Swan Upping is a yearly census of the swan population along the River Thames.
Announcing the schedule for this year journey along the River Thames was the Queen’s Swan Marker, David Barber who said: “There has been a consistent decrease in Cygnet numbers over recent years and we are very much hoping that we will see a reversal in this trend in 2017.”
David Barber highlighted that dog attacks have caused “unnecessary suffering” to swans and eggs has been stolen and nests vandalised.
Since the twelfth century, the Crown has claimed ownership of all swans in the country. In fact, The Queen even has the title of Seigneur of the Swans meaning Lord of the Swans.
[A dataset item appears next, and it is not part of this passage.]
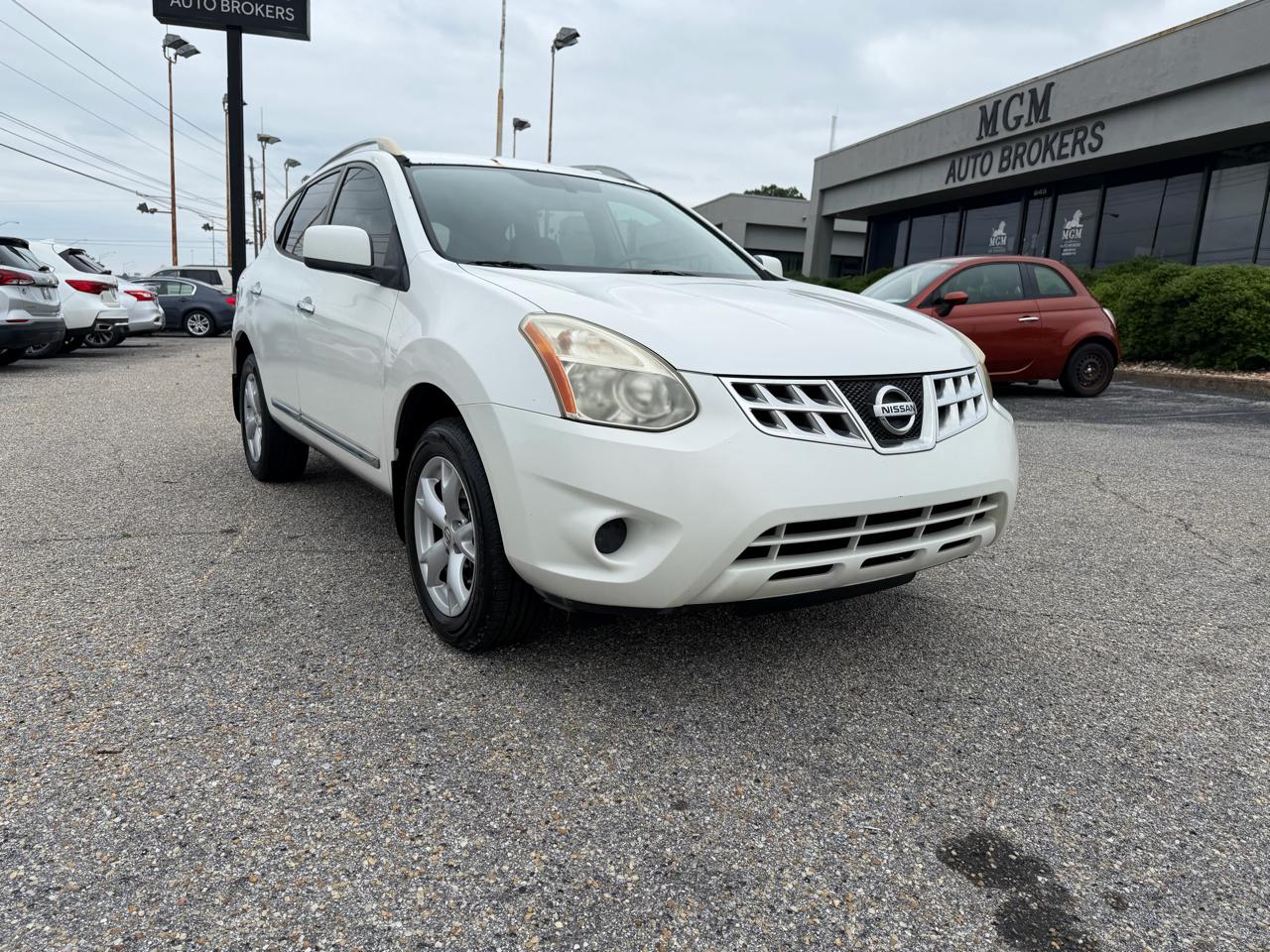 Nissan Rogue  2011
This right came about due to the birds being in high demand for banquets and feasts. The Crown could grant landowners the right to the swans in their area. The only two companies to still have that right are the Vintners’ Company and the Dyer’s Company.
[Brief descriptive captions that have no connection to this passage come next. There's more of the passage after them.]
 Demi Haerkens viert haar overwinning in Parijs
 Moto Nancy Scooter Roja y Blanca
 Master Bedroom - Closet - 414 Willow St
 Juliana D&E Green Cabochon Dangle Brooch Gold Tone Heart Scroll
While the Swans are still not eaten the census is still carried out. Over the course of five days the Queen’s Swan Marker, David Barber, will be joined by Swan Uppers from the Vintner’s and Dyer’s livery companies.
They will row up the Thames in traditional skiffs in a scarlet uniform. Cygnets are caught, weighed, and checked for injury. The Cygnet is then tagged with an identification number which denotes if they belong to the Dyers or the Vintners. All birds belonging to the Crown are left unmarked.
Beyond ceremony and tradition, an important role of this event is education. Local children from schools visit the riverbanks during the ceremony to learn about the swans and their cygnets. The Swan Marker also has the important duty of visiting local schools to educate young people in the conservation effort.